22 May, 2018 by katelaity
‘Not ghosts!’ I said with some trepidation over the marmalade.
‘Who can say? That’s why we must investigate.’ Tansy helped herself to a few more roasted parsnips. ‘We should not like to have come all this way and miss our true aim.’
I looked down at the plate of beef before me, my appetite suddenly diminished. ‘But ghosts? I don’t mind hearing about ghosts, but I don’t think I should like to meet one.’

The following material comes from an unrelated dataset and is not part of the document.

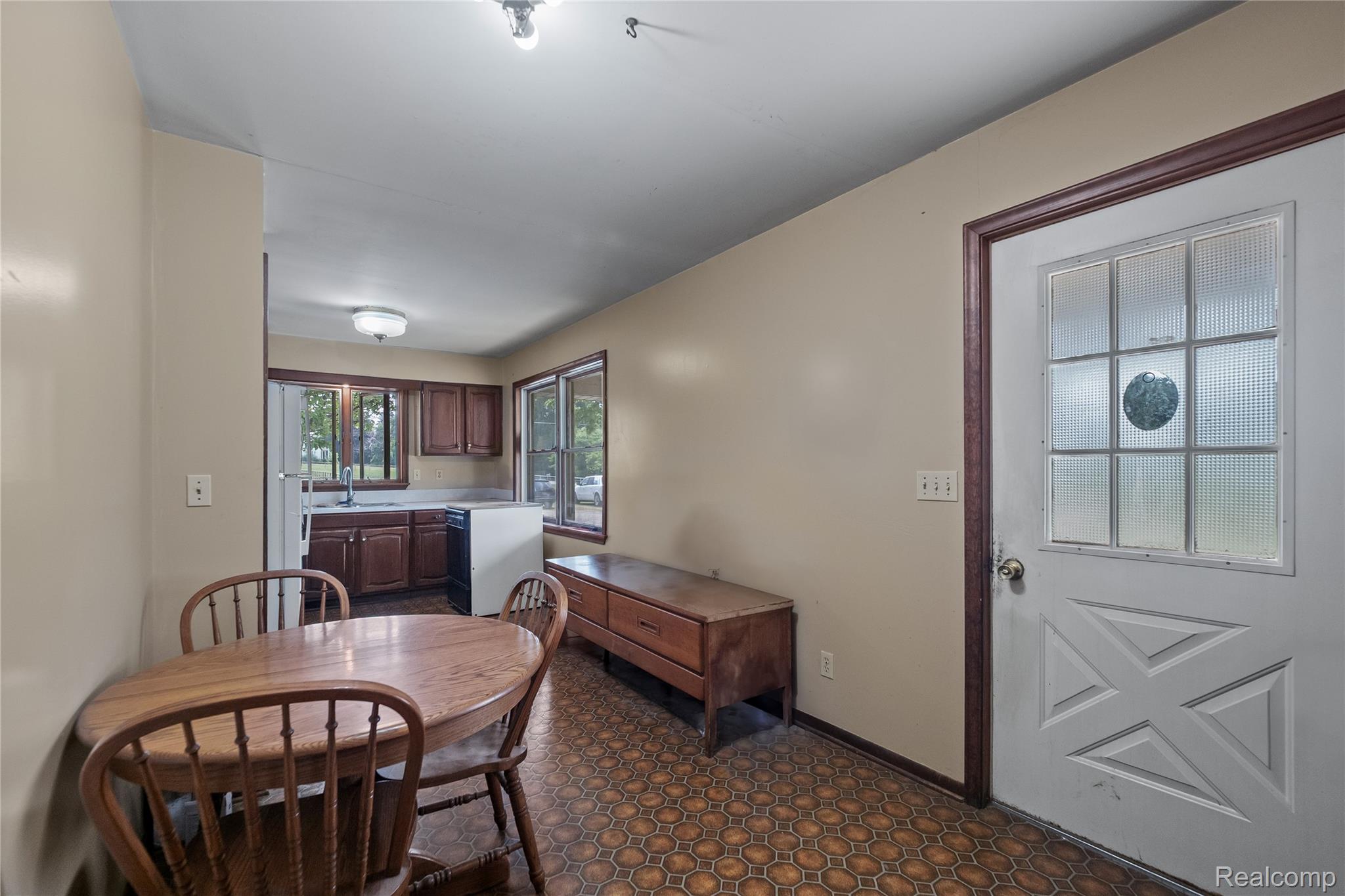 5095 Casey Road Property Photo 5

‘They cannot harm one,’ Chambers insisted, dabbing a bit of gravy from his chin. ‘In all ghost stories, the spirits do not cause harm, it is the fright they provoke in those they encounter.’
I piled more potatoes onto my plate as if in some sort of defence. ‘That seems like the worst sort of hair splitting. If one winds up dead I suspect the cause of it may be of little concern.’
Tansy laughed. ‘We shall not be surprised nor frightened because we expect the unexpected.’
‘Speak for yourself. I may well become hysterical.’
‘You wouldn’t though. You’ll feel obliged to protect me.’ Tansy gave a very unladylike laugh.
‘This is that bloody spiritism, isn’t it?’ I considered whether my stomach could hold another serving of beef. Perhaps not if we were to face spectres.
‘Now, language!’ Tansy said. Her expression looked far more amused than her tone suggested so I knew she was not much scandalised, but it was really quite provoking to not be able to enjoy my feast without hearing so much folderol about spiritism and whatnot. ‘Spiritism is a science.’
‘How can it be a science when you can’t even touch one? Or measure them?’ I felt triumphant enough to have a little more roast beef. And why not add a couple more potatoes because they were small and browned just right with little crispy bits the way I liked. Gravy finished the tableau to perfection.
‘As Monsieur Kardec has affirmed, spirits are part of Nature, can communicate with the living and even intervene in their lives. Surely we can figure out a way to measure that.’ Tansy looked thoughtful. ‘We each work through our tasks toward attaining perfection. A single spirit, many forms.’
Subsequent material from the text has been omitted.